In the next section of the same chapter he goes on to state that, having discriminated the various antecedents and consequents, we then "are to inquire which is connected with which." This requires a still further resolution of the complex and of the confused. To effect this we must vary the circumstances; we must modify the experience as given with reference to accomplishing our purpose. To accomplish this purpose we have recourse either to observation or to experiment: "We may either find an instance in nature suited to our purposes, or, by an artificial arrangement of circumstances, make one" (the italics in "suited to our purpose" are mine; the others are Mill's). He then goes on to say that there is no real logical distinction between observation and experimentation. The four methods of experimental inquiry are expressly discussed by Mill in terms of their worth in singling out and connecting the antecedents and consequents which actually belong together, from the chaos and confusion of direct experience.

We have only to take these statements in their logical connection with each other (and this connection runs through the entire treatment by Mill of scientific inquiry), to recognize the absolute necessity of hypothesis to undertaking any directed inquiry or scientific operation. Consequently we are not surprised at finding him saying that "the function of hypotheses is one which must be reckoned absolutely indispensable in science;" and again that "the hypothesis by suggesting observations and experiments puts us on the road to independent evidence."64

Since Mill's virtual retraction, from the theoretical point of view, of what is here said from the standpoint of scientific procedure, regarding the necessity of ideas is an accompaniment of his criticism of Whewell, it will put the discussion in better perspective if we turn first to Whewell's views.65 The latter began by stating a distinction which easily might have been developed into a theory of the relation of fact and idea which is in line with that advanced in this chapter, and indeed in this volume as a whole. He questions (chap. 2) the fixity of the distinction between theory and practice. He points out that what we term facts are in effect simply accepted inferences; and that what we call theories are describable as facts, in proportion as they become thoroughly established. A true theory is a fact. "All the great theories which have successively been established in the world are now thought of as facts." "The most recondite theories when firmly established are accepted as facts; the simplest facts seem to involve something of the nature of theory."

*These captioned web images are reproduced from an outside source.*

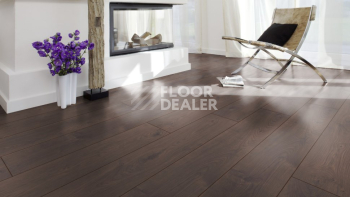 My Floor Cottage 8мм mv807 Дуб Атласный фото 9 | FLOORDEALER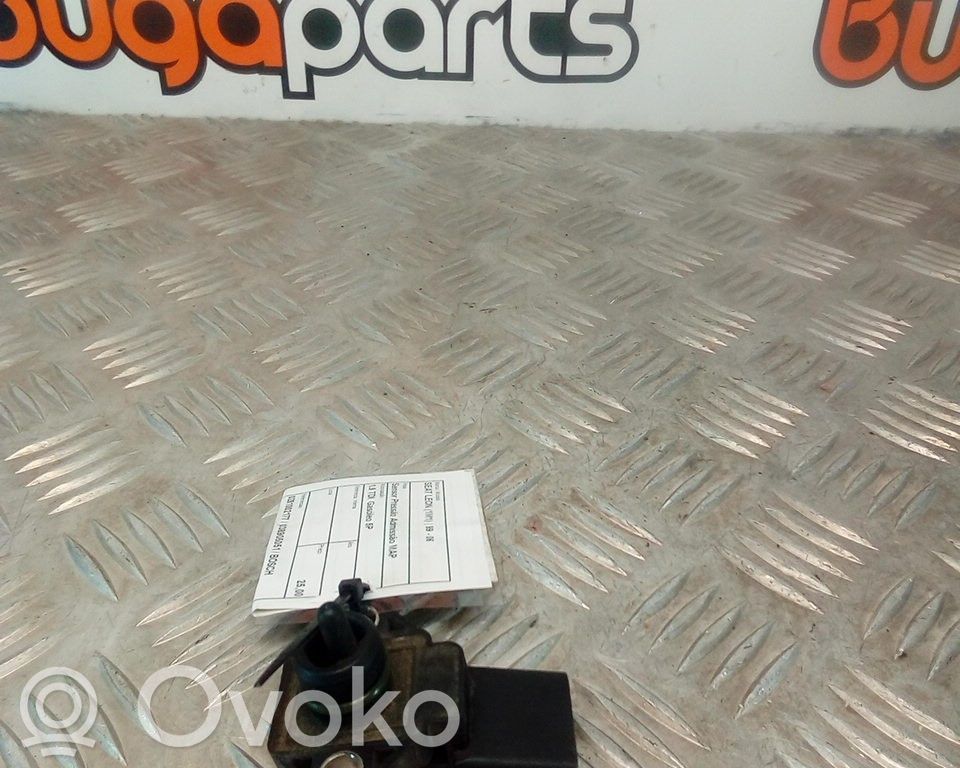 Capteur de pression d'air   0281002177,038905051,BOSCH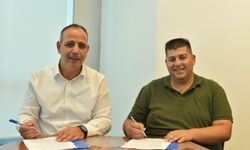 LTB’den Lefkoşa’da asfalt çalışmaları için iki yeni ihale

The conclusion is that the distinction is a historic one, depending upon the state of knowledge at the time, and upon the attitude of the individual. What is theory for one epoch, or for one inquirer in a given epoch, is fact for some other epoch, or even for some other more advanced inquirer in the same epoch. It is theory when the element of inference involved in judging any fact is consciously brought out; it is fact when the conditions are such that we have never been led to question the inference involved, or else, having questioned it, have so thoroughly examined into the inferential process that there is no need of holding it further before the mind, and it relapses into unconsciousness again. "If this greater or less consciousness of our own internal act be all that distinguishes fact from theory, we must allow that the distinction is still untenable" (untenable, that is to say, as a fixed separation). Again, "fact and theory have no essential difference except in the degree of their certainty and familiarity. Theory, when it becomes firmly established and steadily lodged in the mind becomes fact." (P. 45; italics mine.) And, of course, it is equally true that as fast as facts are suspected or doubted, certain aspects of them are transferred into the class of theories and even of mere opinions.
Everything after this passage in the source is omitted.